To make this example more real, I will assign values to each of the nodes and calculate the hashes based on that. I will use SHA-256 as the hash function of choice.

`L1`

= “Foo”`L2`

= “Bar”`L3`

= “Baz”`L4`

= “Qux”`Hash 0-0 = Hash_L(L1) = SHA-256("AFoo") = c394c83b94a489485a0ea7dbfd43d6b18a7cd6ef7a4d607f5c667e978a232d07`

`Hash 0-1 = Hash_L(L2) = SHA-256("ABar") = 2fa32a6f44e6ed4e6357e25c7fae397d51028cbb1ea527f1831439eaeefdb64a`

`Hash 1-0 = Hash_L(L3) = SHA-256("ABaz") = bf2d89291058bc1e2e5cd3255dcc3d0d39eb1a54623c268e9adf892b903f38e7`

`Hash 1-1 = Hash_L(L4) = SHA-256("AQux") = eb5e40d6a93d1db9ab45db84465bd5809064741588415d46c817b3bdd338ce1f`

`Hash 0 = Hash_B( Hash 0-0 || Hash 0-1 ) = SHA-256("Bc394c83b94a489485a0ea7dbfd43d6b18a7cd6ef7a4d607f5c667e978a232d072fa32a6f44e6ed4e6357e25c7fae397d51028cbb1ea527f1831439eaeefdb64a") = ca10d813fdb6e755f9a0984b53a7600c49b2fc6aaba028ddc90b8d4a7b766242`

`Hash 1 = Hash_B( Hash 1-0 || Hash 1-1 ) = SHA-256("Bbf2d89291058bc1e2e5cd3255dcc3d0d39eb1a54623c268e9adf892b903f38e7eb5e40d6a93d1db9ab45db84465bd5809064741588415d46c817b3bdd338ce1f") = a9d8f95ea21aff1147359ca4a040f39aa21fc951e942466b0861bf14486db4f5`

`Top Hash = Hash_B( Hash 0 || Hash 1 ) = SHA-256("Bca10d813fdb6e755f9a0984b53a7600c49b2fc6aaba028ddc90b8d4a7b766242a9d8f95ea21aff1147359ca4a040f39aa21fc951e942466b0861bf14486db4f5") = c21243ead9185756bac406d7c6132479c27a0f3bfbd378ffbd28b3596ba7a313`

So now the `Top Hash`

is known to be `c21243ead<etc>`

. What happens when an attacker creates `E1`

?

Attempting the second preimage attack with the Hash_B and Hash_L functions.

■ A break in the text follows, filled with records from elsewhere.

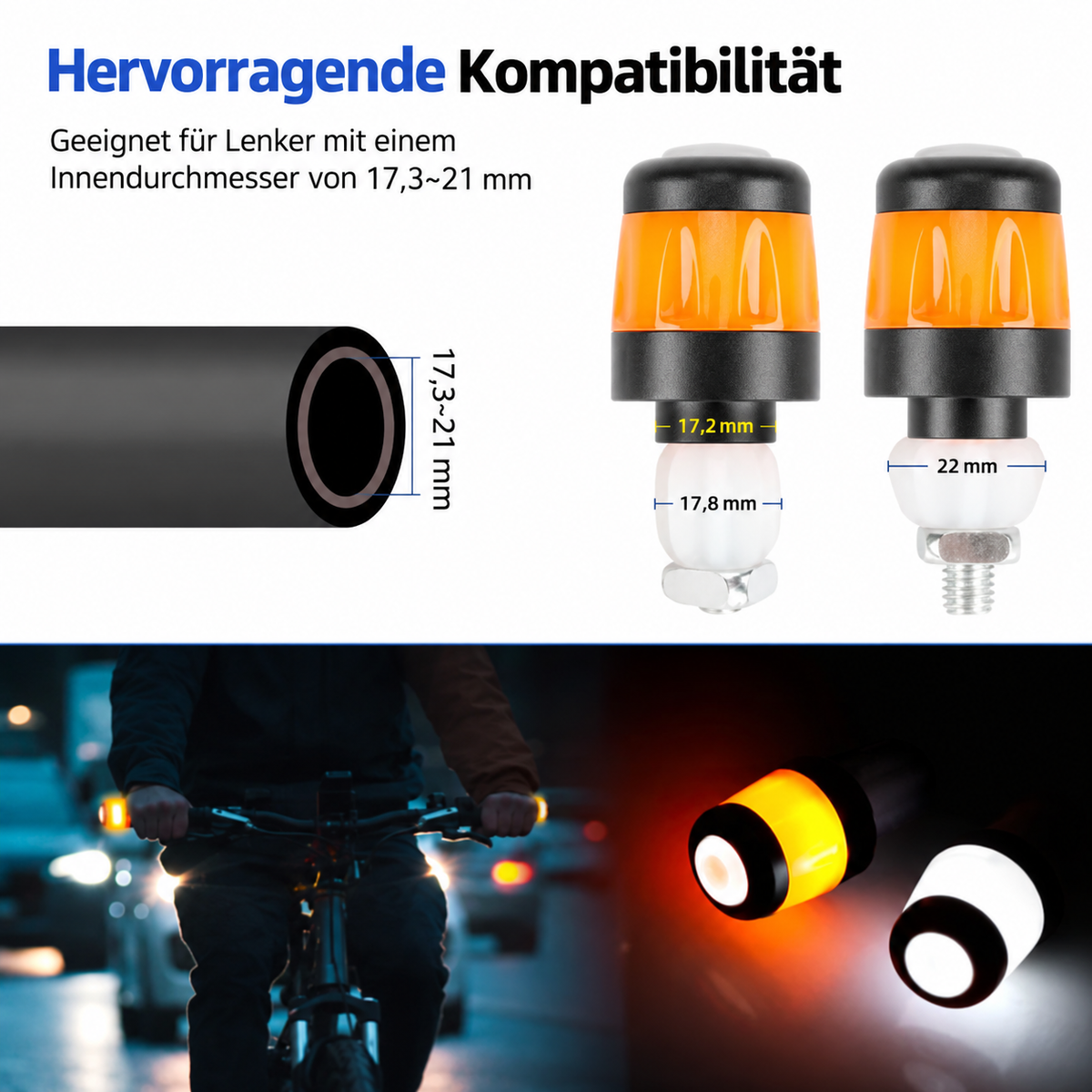 Lenkerenden-Blinker passend für verschiedene Lenkerdurchmesser, montiert und leuchtend bei Nacht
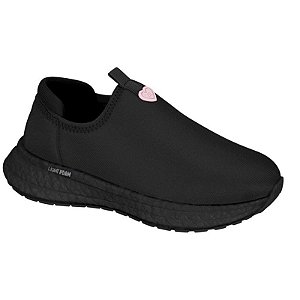 Tênis Infantil Menina Molekinha Slip Velvet- Preto/ Preto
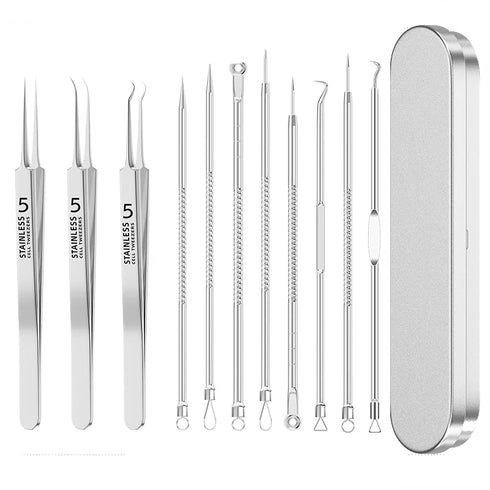 4–11 Piece Ingrown Hair and Blackhead Removal Tool Set – Professional Acne Extractor Needles and Pore Cleansing Kit for Deep Facial Skin Care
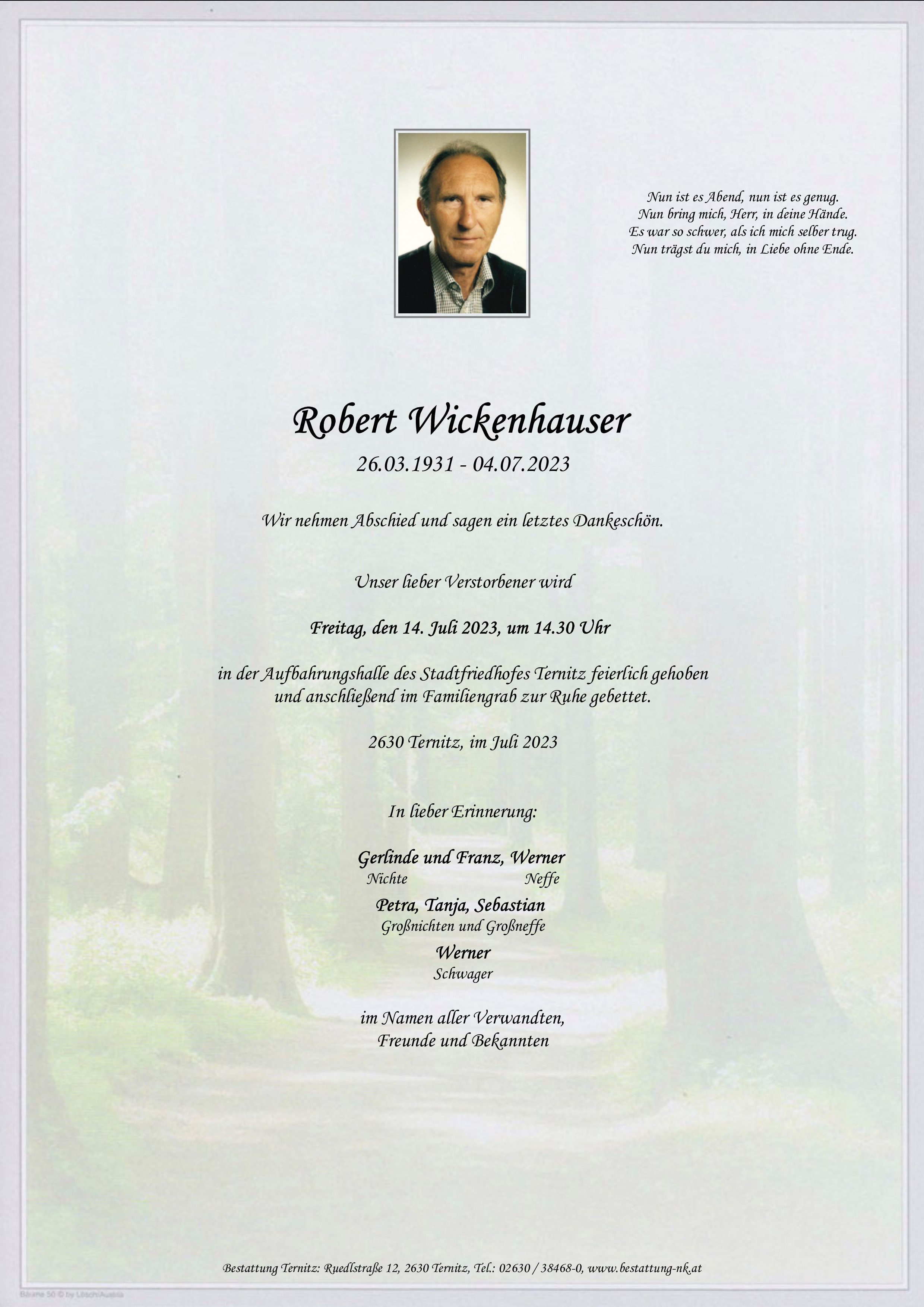 Traueranzeige von Robert Wickenhauser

The important part to note here is that `Hash 0`

no longer has child nodes. That means that it’s hash function has changed from `Hash_B`

to `Hash_L`

. This in turn means that the new value of `Hash 0`

is `SHA-256("Ac394c83b94a489485a0ea7dbfd43d6b18a7cd6ef7a4d607f5c667e978a232d072fa32a6f44e6ed4e6357e25c7fae397d51028cbb1ea527f1831439eaeefdb64a") = 1d0048fc197f5848147a93f19ef7ce1107e2df37ca0d2b6c5cc2c2ada004d5aa`

. This is different from the original `Hash 0`

and will fail a verification when combined with the `Hash 1`

value to check against `Top Hash`

. This simple change has removed the attack vector.

## References

- https://en.wikipedia.org/wiki/Merkle_tree#Second_preimage_attack
- https://crypto.stackexchange.com/questions/2106/what-is-the-purpose-of-using-different-hash-functions-for-the-leaves-and-interna
- I found it confusing that the author of the question described this as “two different hash functions be used”. I think a better wording would be “why would I prepend different data for the node type”.